I think lazy is always a moral judgment when applied to a whole culture, not a person who hasn't done their job. In fact, it's a moral judgment full stop ie. you consider that person to be 'bad'. Is lazy ever a compliment? This may well be justified, and sounds like it may be so in the OP's update dripfeed.

OP, I am a bit surprised you are more upset about the nany's family using your house and leaving a wrapper under the sofa than you are about it being dirty, having leaks, your housekeeper AND nanny not doing what you'd requested, your dog not being fed or walked and your fish all dying? The title of your OP is very odd in light of your update.

heartsease68 · 07/09/2018 13:24

I’m sorry you think I’m colonialist, that’s the last thing I’d describe myself.
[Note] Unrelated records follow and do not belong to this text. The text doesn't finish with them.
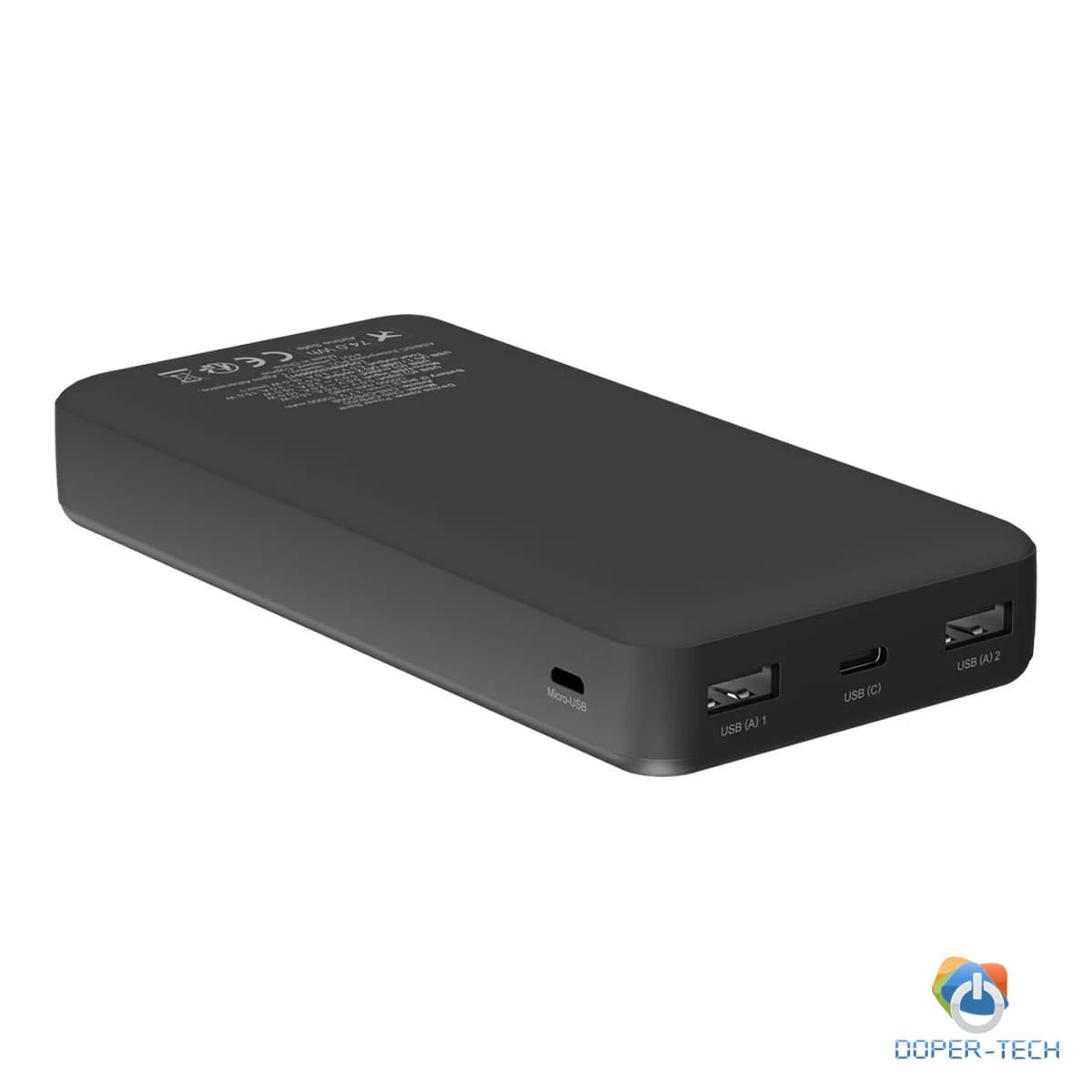 Powerbank Canyon OnPower 200 20000 mAh 2 × USB-A crni – prikaz s priključcima
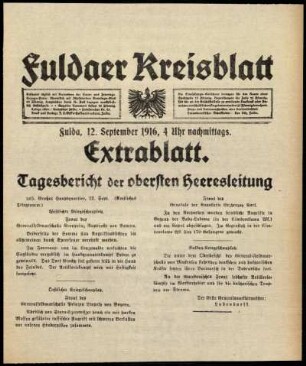 Ausgabe vom Dienstag, den 12. September 1916.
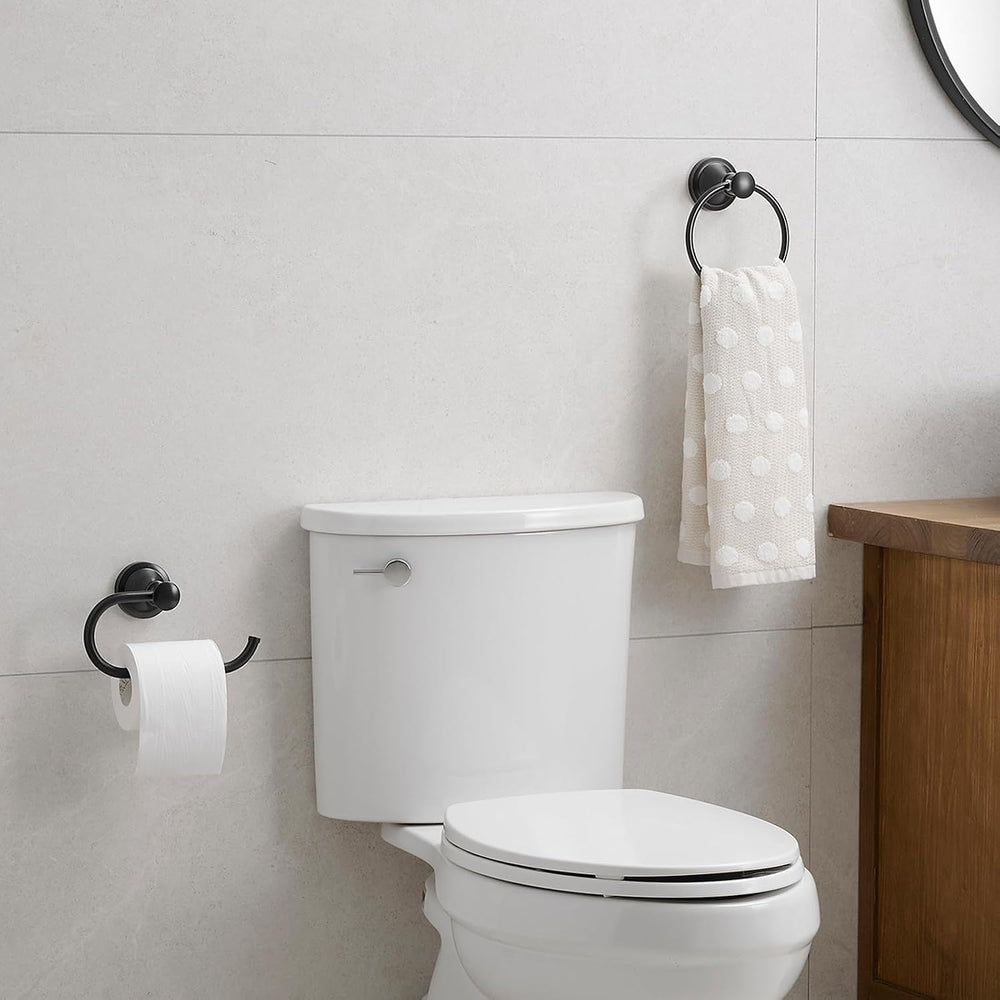 Hoimpro Toilet Paper Holder Towel Ring Set, Wall Mount Oil Rubbed Bronze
Well you wouldn't, would you.

As for the taking responsibility thing, if you have two cultures living side by side and one knows that no matter what they do, they'll always be denied opportunities and respect (and always live in fear of violence, sickness and starvation), there is not the same room to care about crumbs on the rich lady's carpet.

trojanpony · 07/09/2018 13:42

Skittlesandbeer has given you fantastic advise and is spot on.

There is nothing to add to it.

OutPinked · 07/09/2018 13:44

If she could potentially leave a dog to starve, I certainly wouldn't trust her with my children.....

^ this.

Find a new nanny.

IsabellaMoltisantixx · 07/09/2018 14:07

This reply has been deleted

Message deleted by MNHQ. Here's a link to our Talk Guidelines.

Barbie222 · 07/09/2018 14:12

Saying most Arabs are lazy is racist regardless of your ethnic background. That's not hard to understand surely?

IsabellaMoltisantixx · 07/09/2018 14:19

This reply has been deleted

Message deleted by MNHQ. Here's a link to our Talk Guidelines.

Hissy · 07/09/2018 14:34

there is no rainy season in the ME Grin

MerryMarigold · 07/09/2018 14:35

Until you've lived there and amongst the culture you can't say anything.

Nigerians are lazy

Would that be ok to say? If you've lived in Lagos and observed this to be true in your entitled opinion?